Done it a couple of times, but it is just too dang much work safely supervising it heating, cooking and cooling, really ruins the better part of teh day. Good turkey, but not worth the time.


----------



## GaryFish (Sep 7, 2007)

See, I see it totally different Huge. Fried turkey is one of the easiest ways to prep it that I've found. It also gets me out of the house while my wife and whomever else preps the other stuff in the kitchen. We've got a heckova system down for ours. Easy peasy and great all around.


----------



## Huge29 (Sep 17, 2007)

I will sign up for your free demonstration done on site in Price then.
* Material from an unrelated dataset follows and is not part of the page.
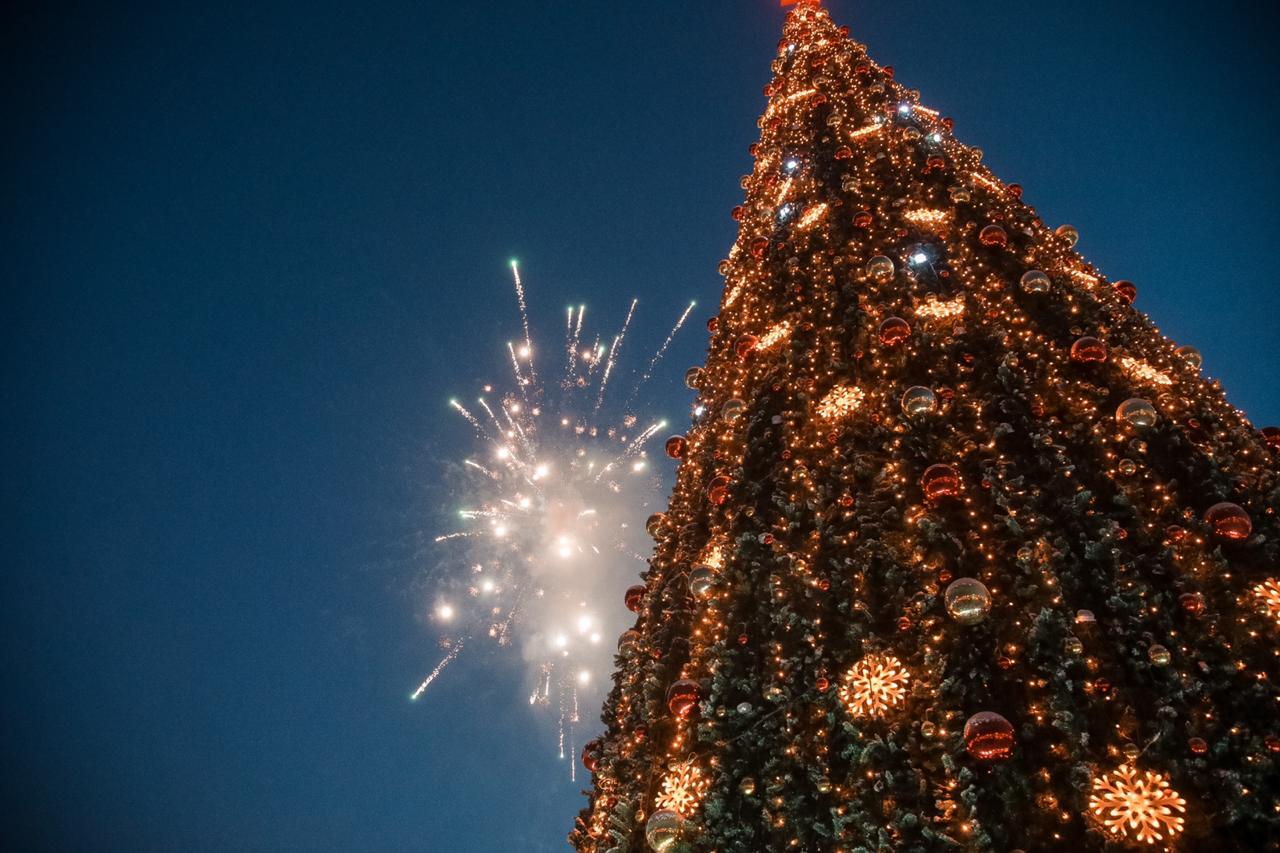 Первую в стране новогоднюю елку зажгут в Якутии 1 декабря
It is good, I just never leave enough time to get it heated in a timely manner.


----------



## GaryFish (Sep 7, 2007)

Tell you what Huge. I'm thinking of doing a fried turkey at a BYU tailgate party some time next year. I'll let you know.


----------



## Gumbo (Sep 22, 2007)

Beautiful bird! I agree--it's one of the easiest ways to cook a bird. And it's safe too for anyone half-way intelligent.

Gary, I usually don't brine when I'm frying since frying keeps them so moist. Instead, I just inject the night before. Since you're doing two birds, you should brine one and just inject the other--then compare the results. I'd be interested in hearing your results. Here's my favorite injection:

Scottie's Creole Butter Injection 
•	½ can of beer 
•	½ lb. butter 
•	1 tsp. Cajun seasoning (like Tony Chachere’s) 
•	2 tsp. paprika 
•	1 ½ tsp. white pepper 
•	1 ½ tsp. sea salt 
•	1 tbsp. garlic powder 
•	1 ½ tsp. onion powder 
•	1 tsp. Coleman's mustard 
•	1 tsp. ground black pepper 
•	½ tsp. cayenne pepper 
•	½ tsp. Tabasco


----------